ヨルシカを、というかn-bunaを知ったのはたぶん2018年。その年に当時小学生の私がVOCALOIDの界隈に足を踏み入れたから。知識欲ゆえに新旧の有名曲をとにかくたくさん聴いていた道すがらでn-bunaにも触れた。5年ほど前はヨルシカもニコニコに公式で投稿されていたので、靴の花火はその時に「なんかやってるんだなー」くらいの認識で一緒に聴いた記憶がある。たぶん。
本当にそれくらいの認識だったのだが、その翌年に投稿されて、ニコニコのランキングにあったから何気なく再生しただから僕は音楽を辞めたがなんか心に残った。それからヨルシカを追い始めた。

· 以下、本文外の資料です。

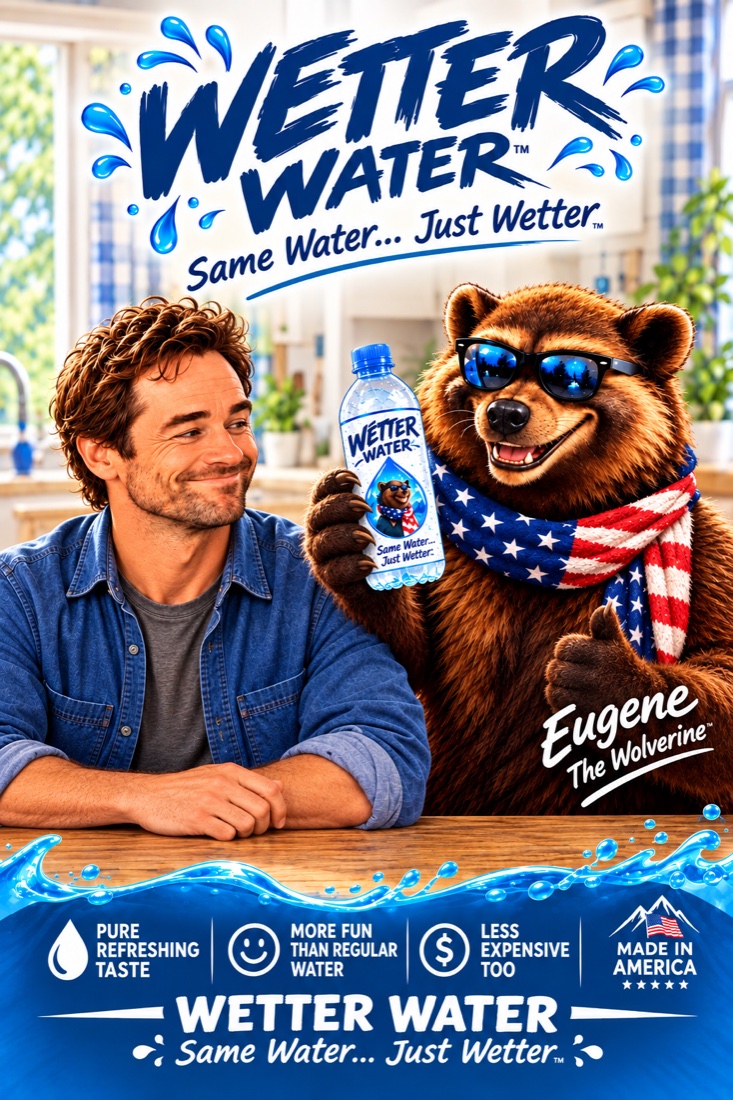 Todd and Eugene the Wolverine with Wetter Water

また、その頃から入り浸り始めたぼからんまとめ掲示板というサイトの住民がやたらとn-buna好きで、それに影響されたのも多少ある。
エルマとエイミーの物語が終わり、金がなくてアルバムを買えず苦しみながら、LINE Musicの(今はもう亡い)1ヶ月に1回無料でフル音源を聴けるサービスを月初めに必ず使ってアルバム曲を聴き込み、盗作おじさんと奥さんの話が始まって終わり、掲示板の住民と再生数推移にキャッキャし、9ヶ月ほど投稿が空いた時期があってハラハラしながら新曲を待ち、掲示板はもう2年半前に閉鎖されて、趣味が変わって推しも感性も少しずつ変わって、よく聴くときとあまり聴かないときの周期ができて、中1だったわたしは高3ゼロ学期なわけである。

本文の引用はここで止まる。